Comment savoir si on y est allergique ?

Il n’existe pas vraiment d’allergie aux araignées. Les complications d’une morsure sont liées à leur venin, on parle plutôt de réaction inflammatoire non-spécifique

En cas de piqûre, la première chose à faire est d’identifier la responsable. Vous pourrez ainsi la décrire à votre médecin en cas de réaction inflammatoire. Cherchez-là du regard, prenez-la en photo ou essayer de l’attraper. Pour cause ? Il est difficile de déterminer l’espèce en fonction de la forme de la piqûre.

  • Si la douleur survient rapidement, c’est plutôt le signe d’une morsure bénigne.
  • Si elle survient à retardement et s’accompagne d’un œdème, ou si vous présentez des signes d’allergie, c’est plus inquiétant. Rendez-vous dans le centre anti-poison le plus proche, ou contactez le Samu. Un sérum antivenimeux peut être injecté pour les intoxications modérées et graves, et il est possible d’avoir recours à des antalgiques pour soulager les douleurs musculaires.

Le cas échéant, prenez le temps de désinfecter la blessure à l’eau et au savon doux pour éviter la surinfection bactérienne. N’essayez surtout pas de presser la plaie pour faire sortir le venin. Si besoin, préférez utiliser un aspi-venin. Appliquez ensuite de la glace enveloppée dans un tissu sur la plaie pour atténuer la douleur et éviter les gonflements. Une pommade spécifique ou des antihistaminiques peuvent également être utiles pour réduire l’inflammation et soulager les démangeaisons. Les signes de morsure disparaissent généralement le lendemain, ou quelques jours après la piqûre. 

Que faire si on présente des cloques après une morsure ?

Il n’est pas anormal de voir des « cloques » se former autour de la morsure, puisque le venin entraîne une inflammation. Elles peuvent être plus ou moins impressionnantes, en fonction du venin et de sa quantité, et apparaître dans l’heure qui suit la morsure, ou le lendemain. Quoi qu’il en soit, elles ne doivent pas inquiéter. N’essayez pas de les percer, au risque de provoquer une surinfection bactérienne et recouvrez-les d’un pansement ou bandage de gaz et surveillez leur évolution. 
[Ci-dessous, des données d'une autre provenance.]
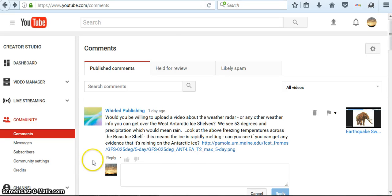Hi, it's January 3rd, 2017. I got this message from my friend World Publishing: 'Would you be willing to upload a video about the weather radar or any other weather info you can get on the West Antarctic ice shelves? We see 53 degrees and precipitation, which would mean rain. Look at the above-freezing temperatures across the Ross Ice Shelf — this means that ice is rapidly melting. Can you see if you can get any evidence that it's raining on the Antarctica ice?'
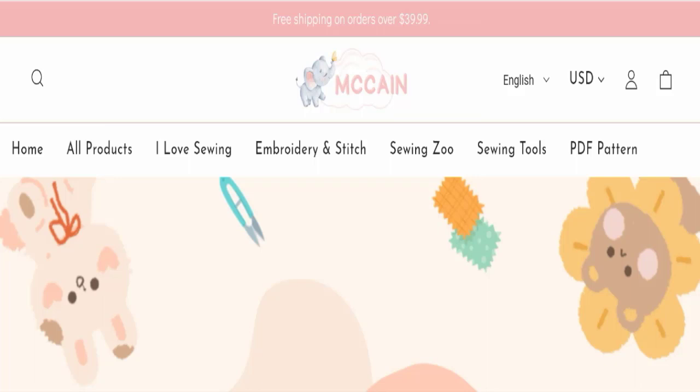Hello everyone and welcome back to my YouTube channel in Scam Advice. Today's video is about McCain Taylor Shop reviews. We are going to provide you with this unbiased review. Please stay connected with us — if you are going to buy any product from this website, or if you have experienced any fraud, not received a product, or got a damaged product, please watch this full video to find out how to get your money back. This topic is very popular in many countries, and today we will discuss the complete details of this website.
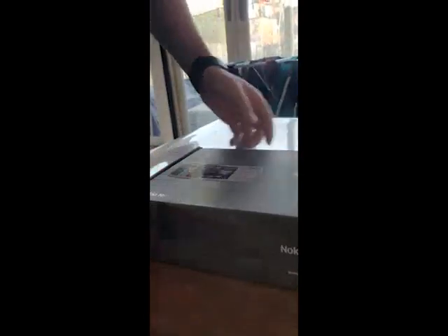Shoutout to BobTV — I'll leave the link in the description. They are real ones that make some funny content. As you can see, we have the Nokia N series. The box is a bit battered up. Let's get right into it.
Quoi qu’il en soit, consultez rapidement si vous ressentez l’un des symptômes suivants :

  • un engourdissement,
  • des picotements autour de la blessure,
  • une raideur dans les articulations,
  • une sensation de vertige,
  • des vomissements,
  • des difficultés respiratoires
  • ou encore une nécrose au niveau de la morsure.
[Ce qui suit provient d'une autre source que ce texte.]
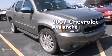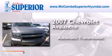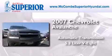This is a 2007 Chevrolet Avalanche. This truck has an automatic transmission and a 5.3-liter V8.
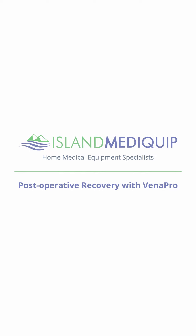Hi, I'm Sarah from Island Mediquip. Recovery from surgery or injury can slow you down. Island Mediquip carries all the aids to daily living you need to live in comfort.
Quels remèdes naturels en cas de piqûre d’araignée ?

Plusieurs remèdes de grand-mère font fureur, mais peu sont étayés scientifiquement. Certaines huiles essentielles, comme l’huile essentielle de lavande aspic permet notamment de calmer l’inflammation, tout comme l’huile essentielle d’eucalyptus citronné. De nombreux roll-on sont disponibles en pharmacie. Pensez bien à vérifier leur composition et leur dosage. Le bicarbonate de soude, en cataplasme, peut aussi soulager l’inflammation, tout comme l‘argile verte, appliquée à l’aide d’un coton légèrement humidifié. Enfin, le vinaigre blanc est plébiscité pour ses vertus antiseptiques.